Familiar themes, though, do not have to limit a novel’s scope or imagination.
Michelle Hoover’s Bottomland is about the disappearance of two daughters from the German family homestead in rural Iowa in the early part of the twentieth century. Hoover tells the story in five chapters, each from a character’s perspective. She plays with time, with narrative veracity, and with the plot. It unfolds in bits and pieces. Hoover, though, is not interested in writing a thriller or mystery. Tension is used in service of broader themes, particularly those of interpersonal connection and agency. The prose is marked by an austere clarity – even when the picture is foggy and described by an unreliable narrator.
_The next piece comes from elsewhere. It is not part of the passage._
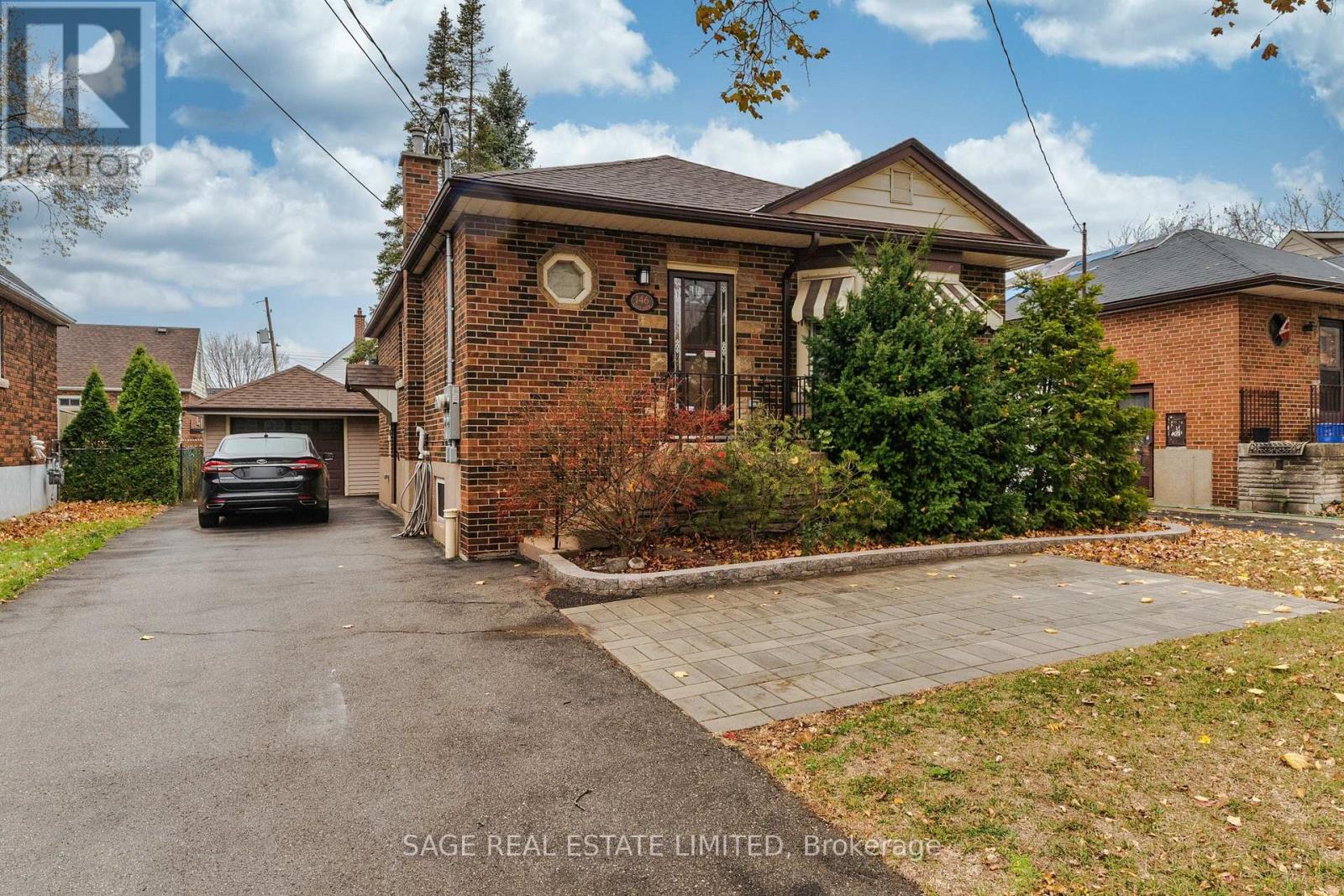 MAIN - 146 EAST 34TH STREET, Hamilton, Ontario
Bottomland is a thoughtful and well-written novel. It is also surprisingly relevant to contemporary life. Pick your immigrant group, imagination the perspective of one with little agency in a world with few or no guarantees, add a bit of cross-cultural tension – and it all rings as familiar. Hoover has crafted a clever and thoughtful book.
I wonder if novelists will be looking at Somalian immigrants in Minnesota or Syrian immigrants in Michigan twenty years hence. If they do – and do it well as Bottomland – I will read and learn.